The manner in which the BBC has handled the Martin Bashir scandal has prompted, and rightly so, anger from all sides of government and society. However, David Sedgwick argues that actual substantial reform of BBC practices is unlikely any time soon

The fallout from the Martin Bashir affair seems to have triggered government – at least its 'sources' – into a tough talking frenzy over the past few days. Indeed, the Westminster air currently echoes with stock phrases/words such as 'reform,' 'safeguards' and 'restoring trust.' It would appear Prince William's extraordinary intervention in which he stopped just short accusing the BBC of indirectly causing his mother's death has finally pushed the Tory party to a place it really, really does not want to go: taking action.

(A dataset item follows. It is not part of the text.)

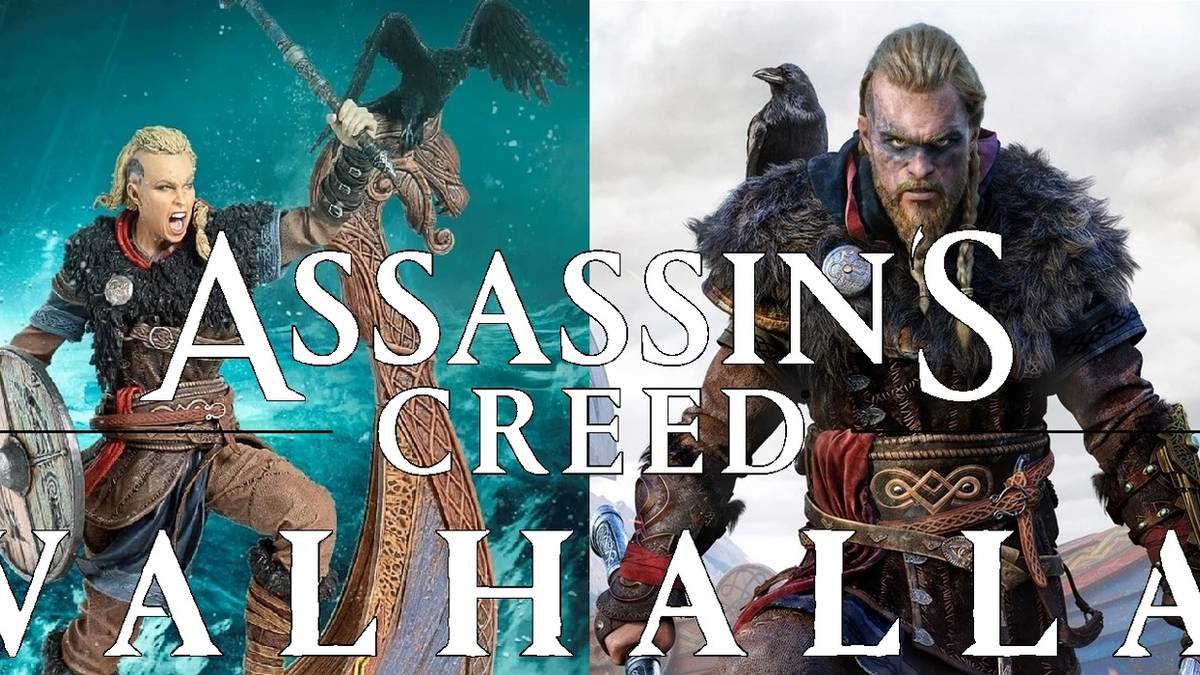 assassins creed valorant collectors edition title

Or has it? Fans of Monty Python's Life of Brian will be familiar with The Judean People's Front, a group of revolutionaries always on the verge of action but never quite managing to take that first important step. John Cleese's ragtag collection certainly talk a good revolution. One day, they assure themselves, they will topple the Roman occupiers. Only not right now. Tomorrow maybe. In the meantime, there are resolutions to pass.

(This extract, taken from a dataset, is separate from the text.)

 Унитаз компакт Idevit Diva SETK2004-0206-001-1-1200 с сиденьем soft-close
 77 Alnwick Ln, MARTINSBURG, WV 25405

If these same government 'sources' are correct, the Tories are indeed headed for a spectacular fudge. For here is a golden opportunity to finally reform a broadcaster that long since went rogue, an organisation that treats its obligations to public service broadcasting with disdain if not outright contempt.

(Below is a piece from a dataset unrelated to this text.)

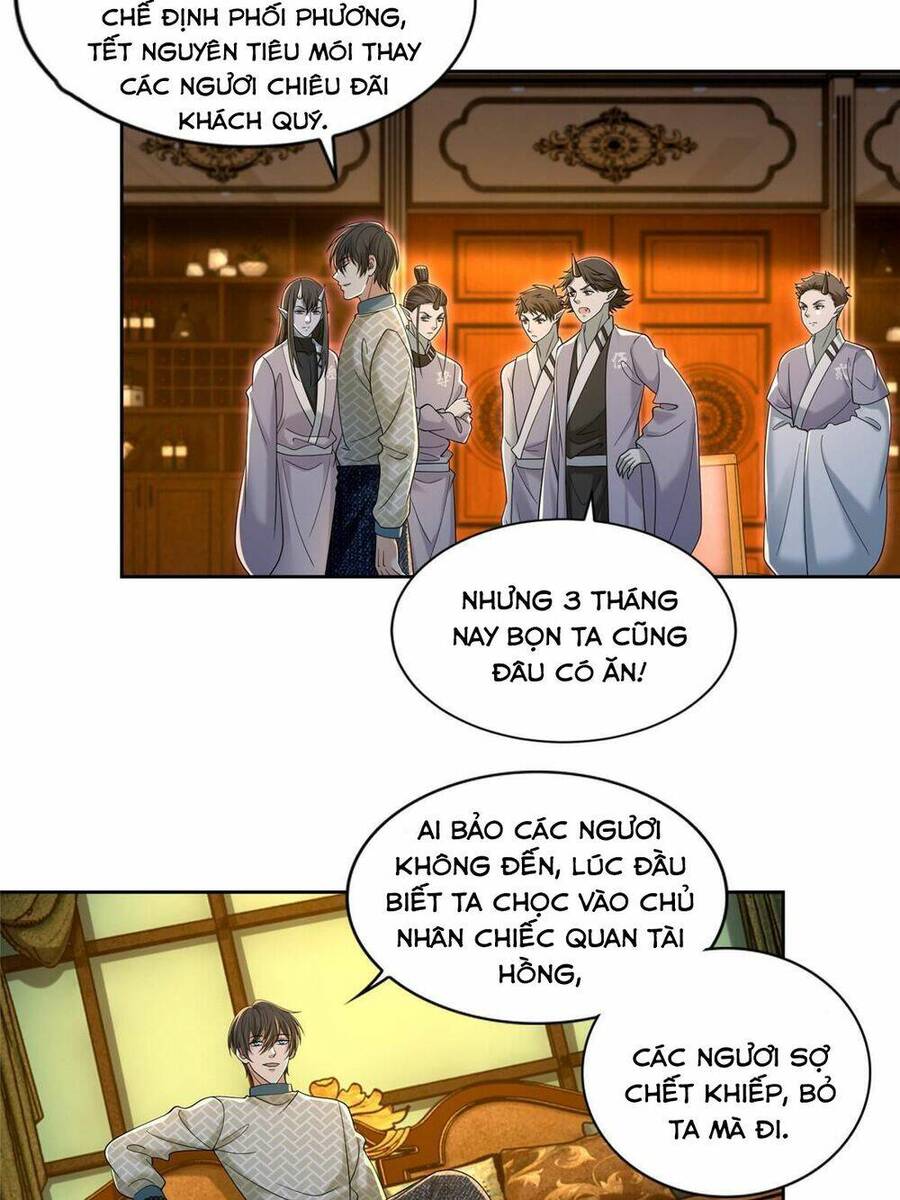 Người Đưa Thư Vô Hạn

Despite the firefighting emanating from BBC luminaries such as Huw Edwards, the Bashir affair was not a one-off event, a mistake. Examples are numerous. The Saville cover-up spanned several decades. The broadcaster's attempts to destroy the reputations of Sir Cliff Richard and Lord McAlpine occurred long after the Diana interview. In fact, the BBC has been deceiving its audience with something like impunity for decades.

Bashir aside, Panorama itself has plenty of form. Discredited episodes such as Maggie's Militant Tendency and Stadiums of Hate spring immediately to mind. Amongst a litany of slanderous insinuations its 2016 offering The Kremlin Candidate? asserted that President Trump had been assisted to the White House by Putin and was therefore on the Kremlin 'payroll.'

It does not end there. What about its gleeful promotion of the organisation calling itself Black Lives Matter? The BBC has never quite come to terms with the outcome of the Sewell report which refuted the myth of institutional racism in the UK – one of the corporation's most cherished beliefs.

With the mid-term review of the royal charter in sight, the demand for a radical overhaul has never been greater. BBC cries that Bashir's Diana interview was of a different era have been predictable enough. But it is these very deflections which have highlighted the real issue: the BBC does not do contrition nor does it do introspection. In the world of Broadcasting House, the BBC is always right and its critics are always wrong.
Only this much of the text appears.